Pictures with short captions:
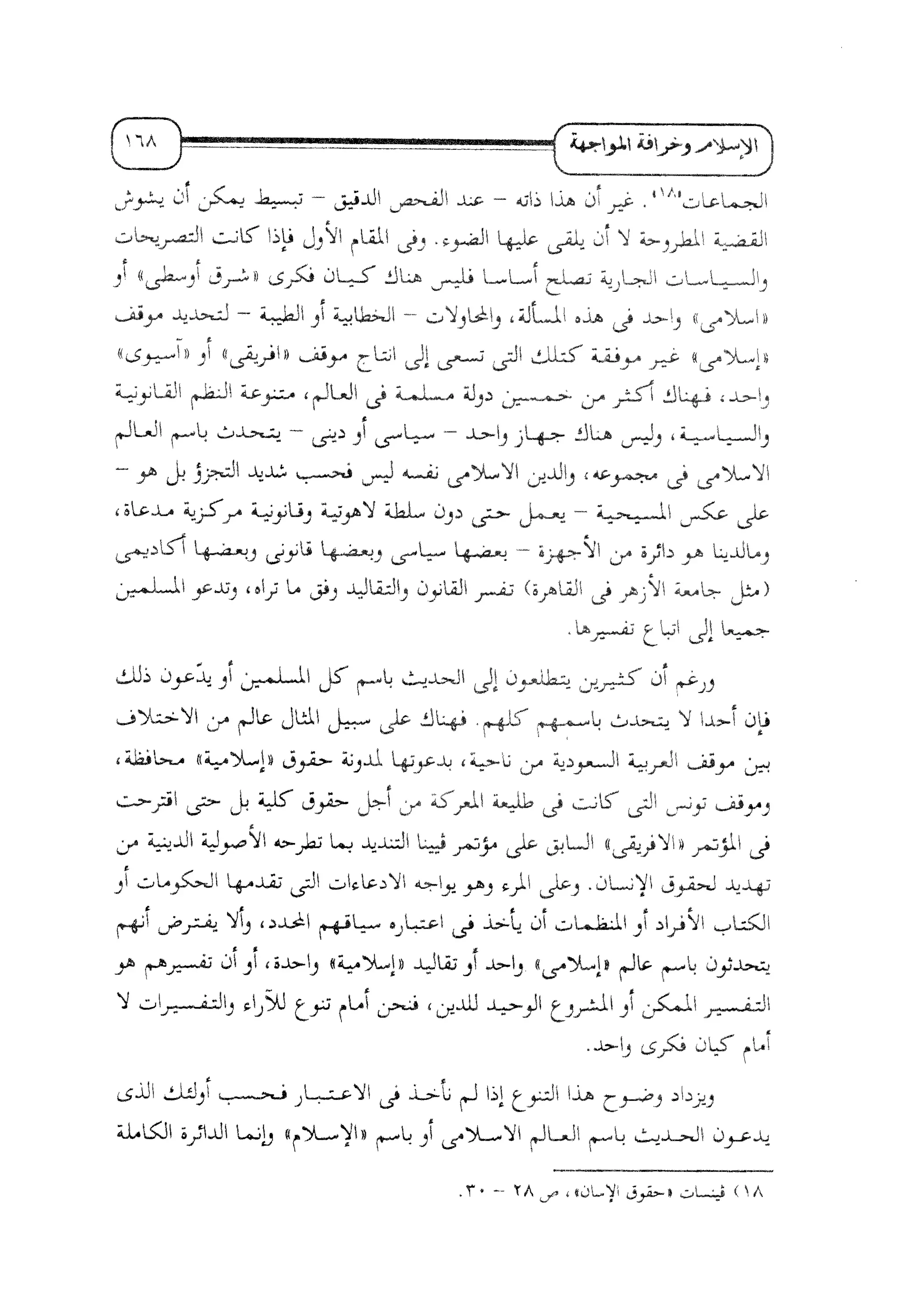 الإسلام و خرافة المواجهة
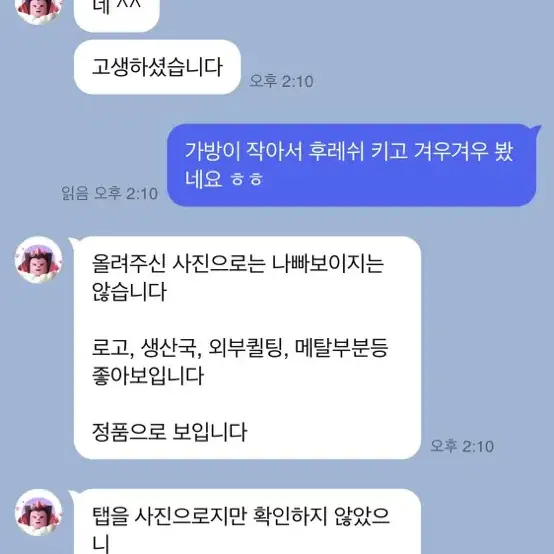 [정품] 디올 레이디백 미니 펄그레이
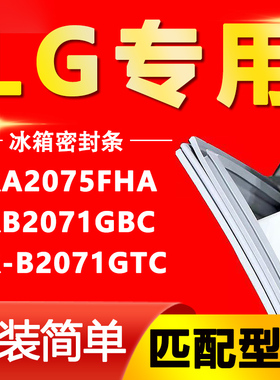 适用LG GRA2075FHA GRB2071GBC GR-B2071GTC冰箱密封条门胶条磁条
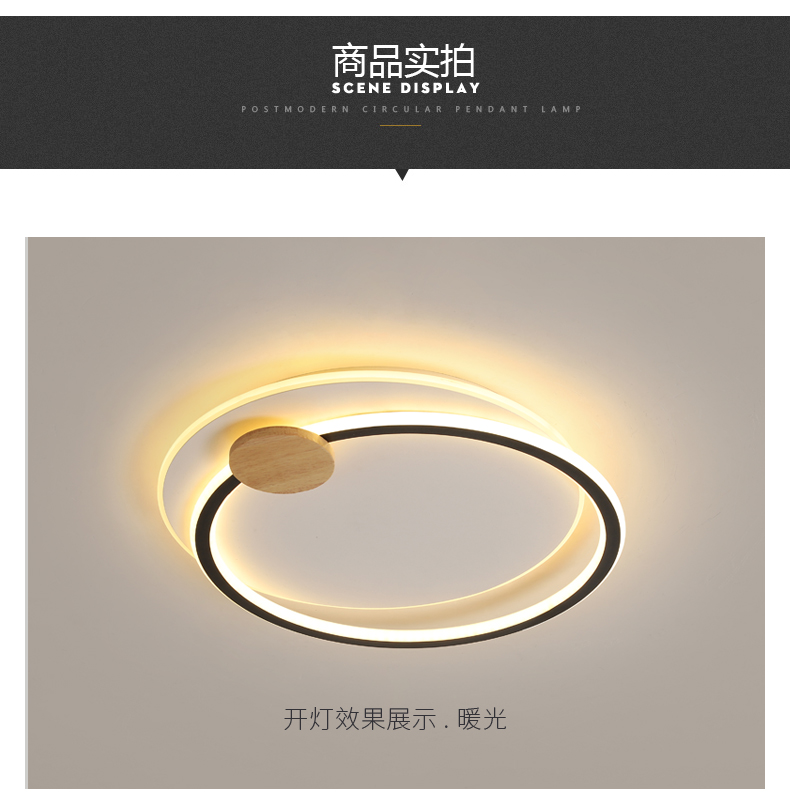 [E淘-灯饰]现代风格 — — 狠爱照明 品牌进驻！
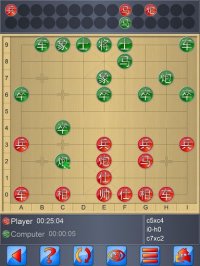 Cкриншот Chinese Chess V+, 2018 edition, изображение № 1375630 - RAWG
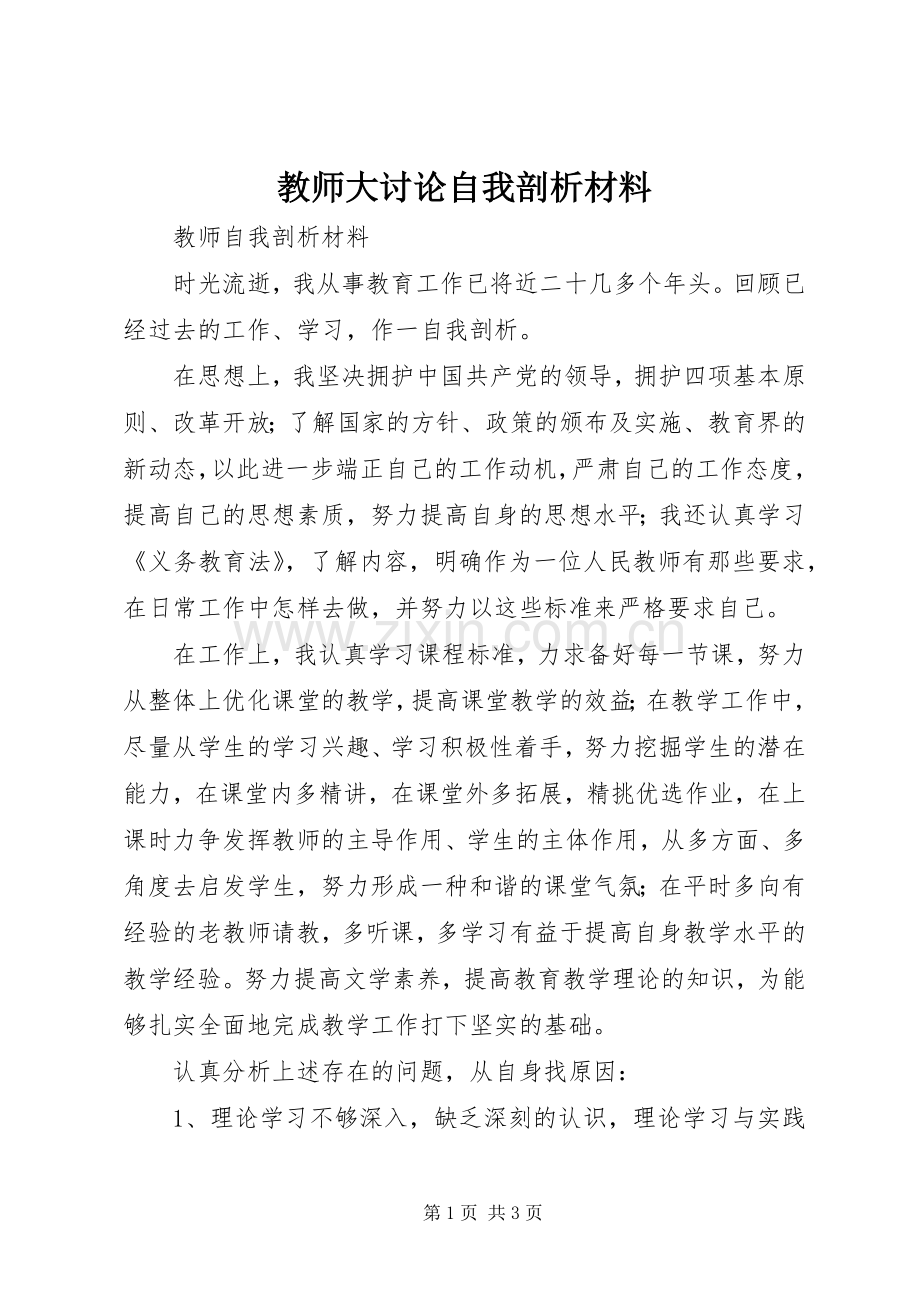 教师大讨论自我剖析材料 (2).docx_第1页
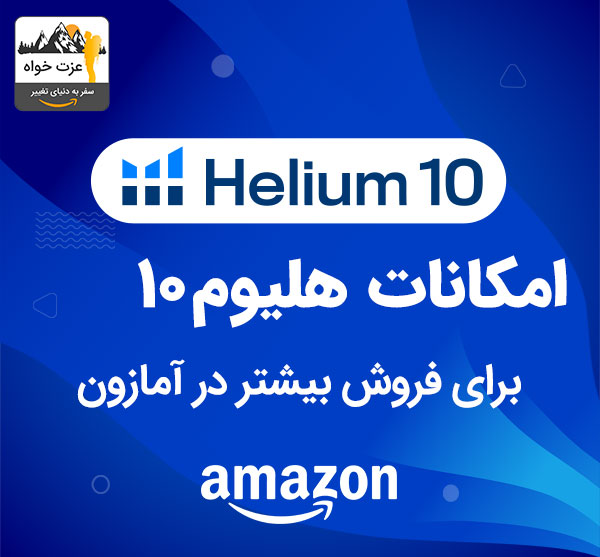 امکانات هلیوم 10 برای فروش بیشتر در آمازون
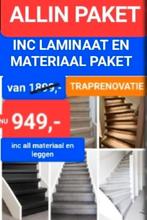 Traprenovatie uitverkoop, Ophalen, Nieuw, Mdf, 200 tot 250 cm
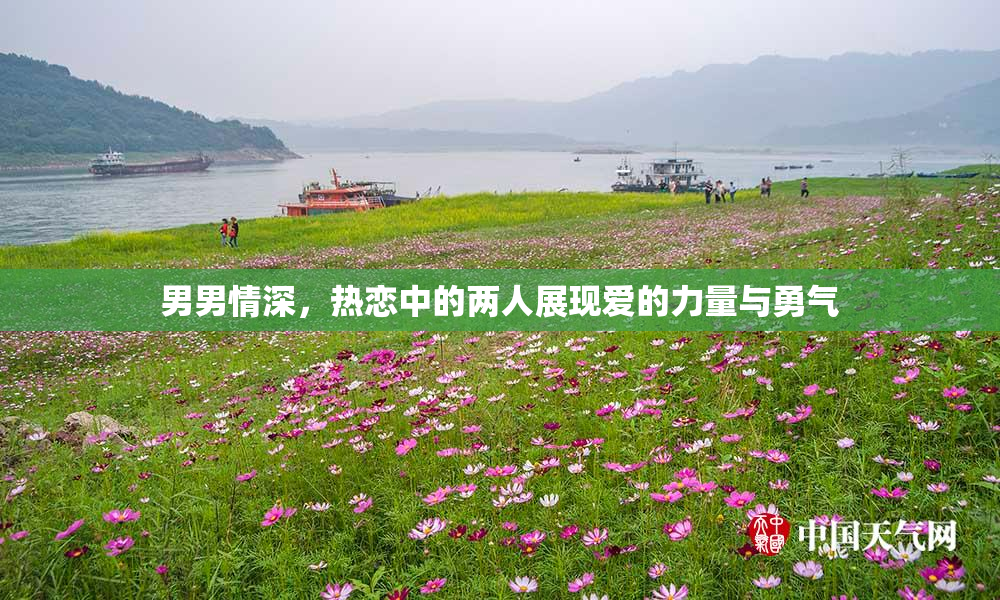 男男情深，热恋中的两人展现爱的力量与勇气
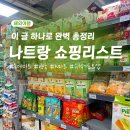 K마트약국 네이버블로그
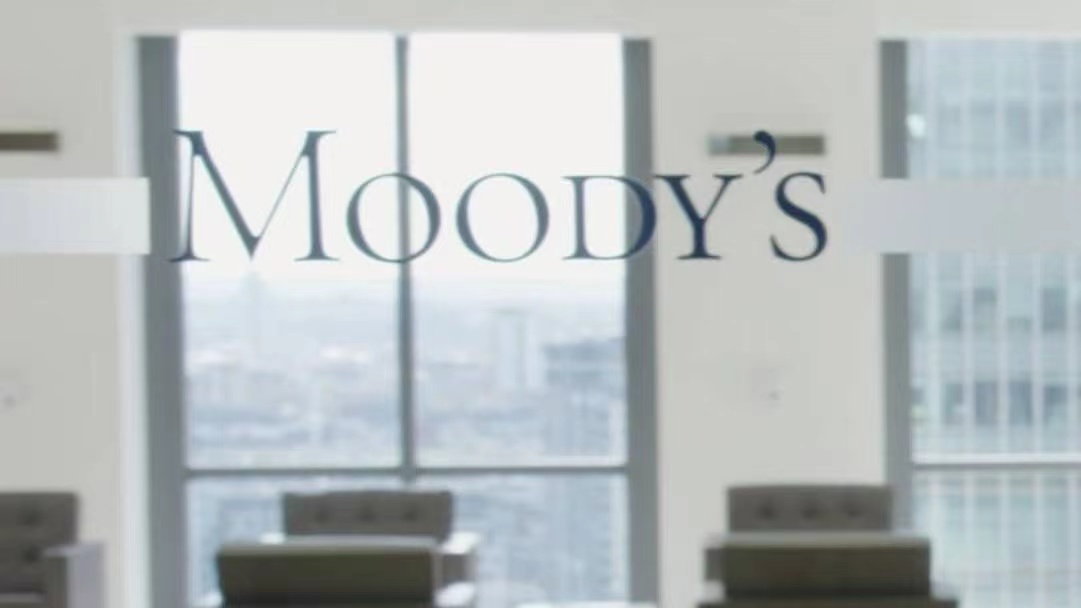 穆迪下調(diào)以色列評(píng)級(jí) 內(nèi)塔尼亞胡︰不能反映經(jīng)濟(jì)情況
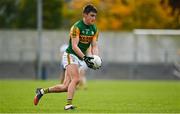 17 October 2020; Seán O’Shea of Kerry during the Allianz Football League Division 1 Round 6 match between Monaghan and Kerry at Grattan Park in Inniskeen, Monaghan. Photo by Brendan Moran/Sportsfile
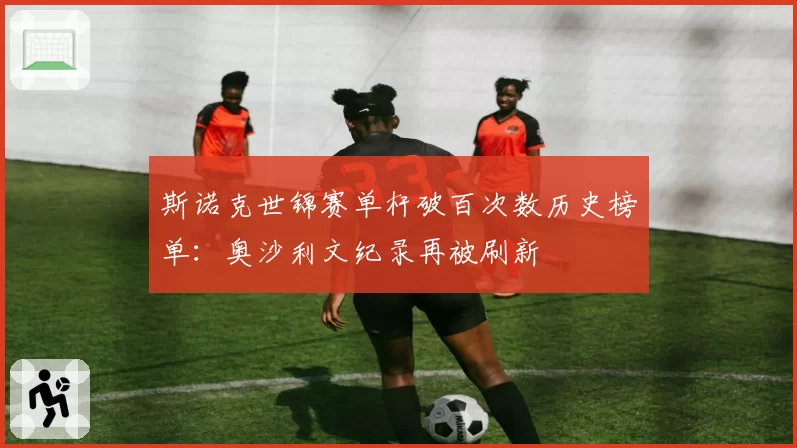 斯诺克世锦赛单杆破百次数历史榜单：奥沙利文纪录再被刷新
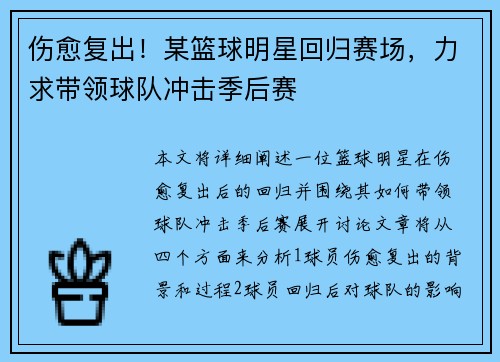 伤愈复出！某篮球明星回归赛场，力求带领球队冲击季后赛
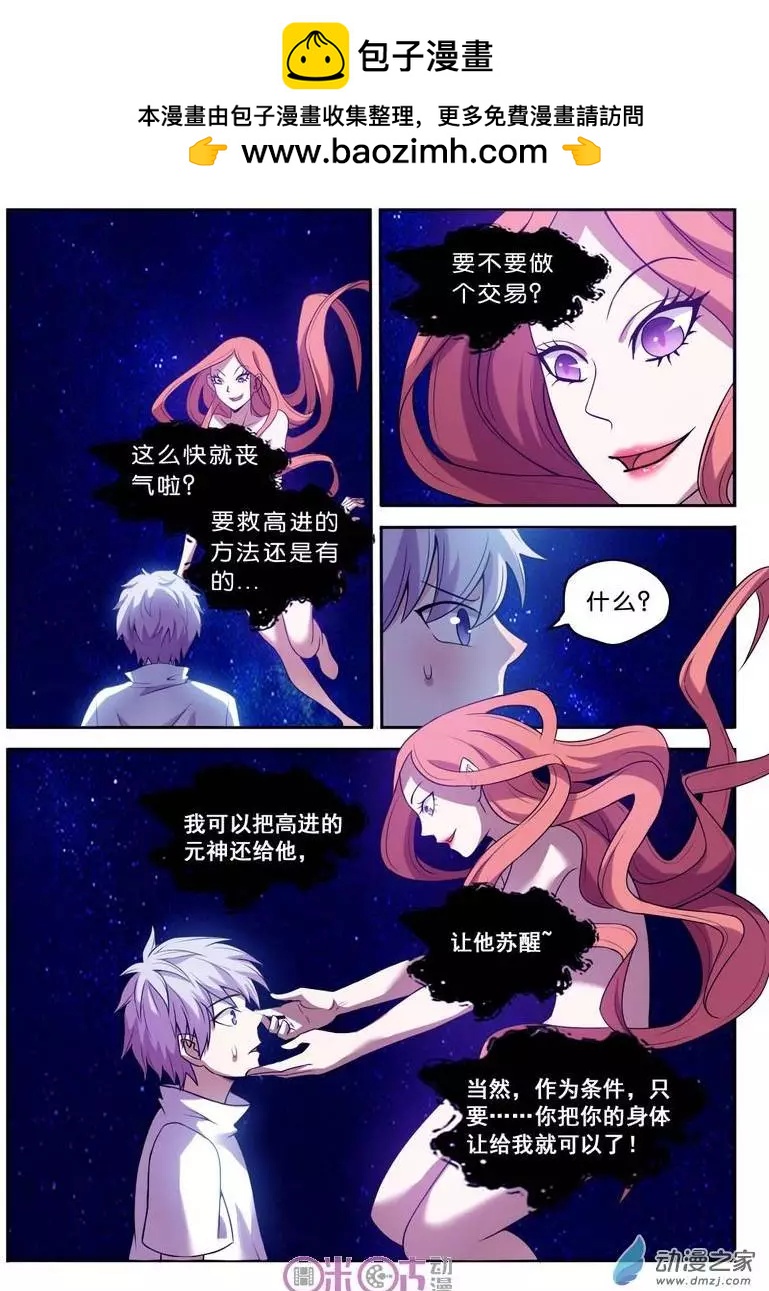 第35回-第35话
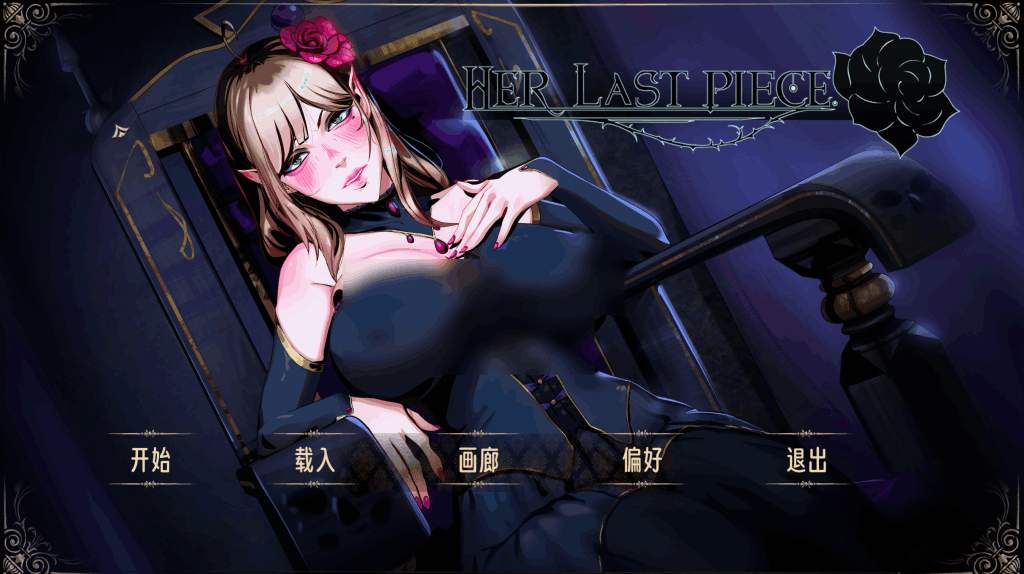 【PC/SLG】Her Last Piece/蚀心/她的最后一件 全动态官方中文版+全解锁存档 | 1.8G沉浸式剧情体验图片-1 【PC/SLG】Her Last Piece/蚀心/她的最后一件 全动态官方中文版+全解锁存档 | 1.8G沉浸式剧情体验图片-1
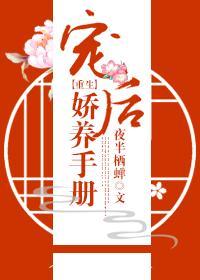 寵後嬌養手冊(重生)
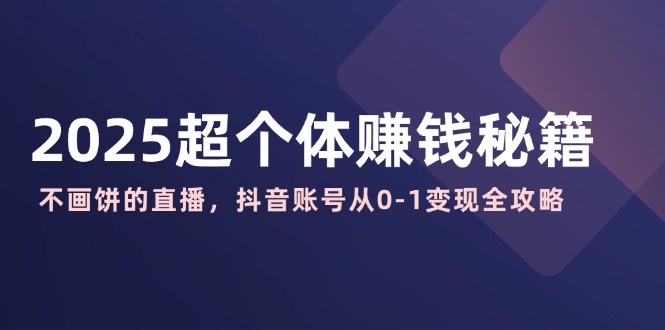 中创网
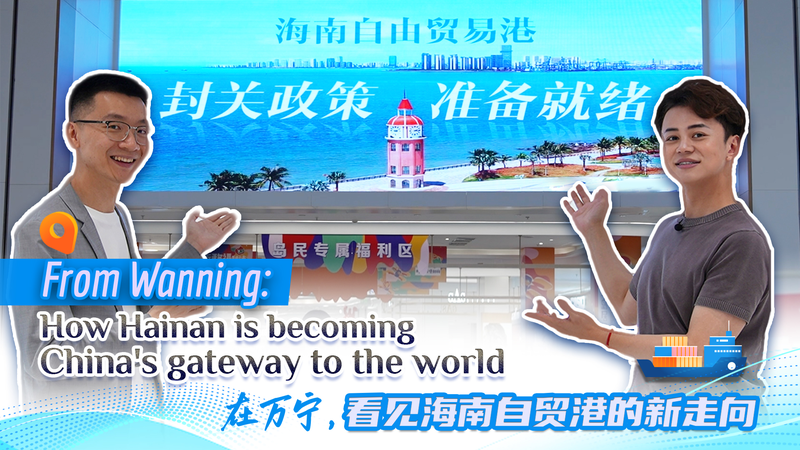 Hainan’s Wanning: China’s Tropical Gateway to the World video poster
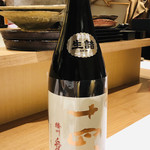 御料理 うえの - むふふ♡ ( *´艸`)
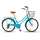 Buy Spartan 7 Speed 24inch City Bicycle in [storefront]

▶ **WHAT YOU SHOULD DO**: Reproduce exactly the lines that run from the line holding "适用LG GRA2075FHA GRB2071GBC" through the final line of the entries, and omit every picture.

▶ **PROBLEM SOLUTION**:
 适用LG GRA2075FHA GRB2071GBC GR-B2071GTC冰箱密封条门胶条磁条
 [E淘-灯饰]现代风格 — — 狠爱照明 品牌进驻！
 Cкриншот Chinese Chess V+, 2018 edition, изображение № 1375630 - RAWG
 教师大讨论自我剖析材料 (2).docx_第1页
 امکانات هلیوم 10 برای فروش بیشتر در آمازون
 Traprenovatie uitverkoop, Ophalen, Nieuw, Mdf, 200 tot 250 cm
 男男情深，热恋中的两人展现爱的力量与勇气
 K마트약국 네이버블로그
 穆迪下調(diào)以色列評(píng)級(jí) 內(nèi)塔尼亞胡︰不能反映經(jīng)濟(jì)情況
 17 October 2020; Seán O’Shea of Kerry during the Allianz Football League Division 1 Round 6 match between Monaghan and Kerry at Grattan Park in Inniskeen, Monaghan. Photo by Brendan Moran/Sportsfile
 斯诺克世锦赛单杆破百次数历史榜单：奥沙利文纪录再被刷新
 伤愈复出！某篮球明星回归赛场，力求带领球队冲击季后赛
 第35回-第35话
 【PC/SLG】Her Last Piece/蚀心/她的最后一件 全动态官方中文版+全解锁存档 | 1.8G沉浸式剧情体验图片-1 【PC/SLG】Her Last Piece/蚀心/她的最后一件 全动态官方中文版+全解锁存档 | 1.8G沉浸式剧情体验图片-1
 寵後嬌養手冊(重生)
 中创网
 Hainan’s Wanning: China’s Tropical Gateway to the World video poster
 御料理 うえの - むふふ♡ ( *´艸`)
 Buy Spartan 7 Speed 24inch City Bicycle in [storefront]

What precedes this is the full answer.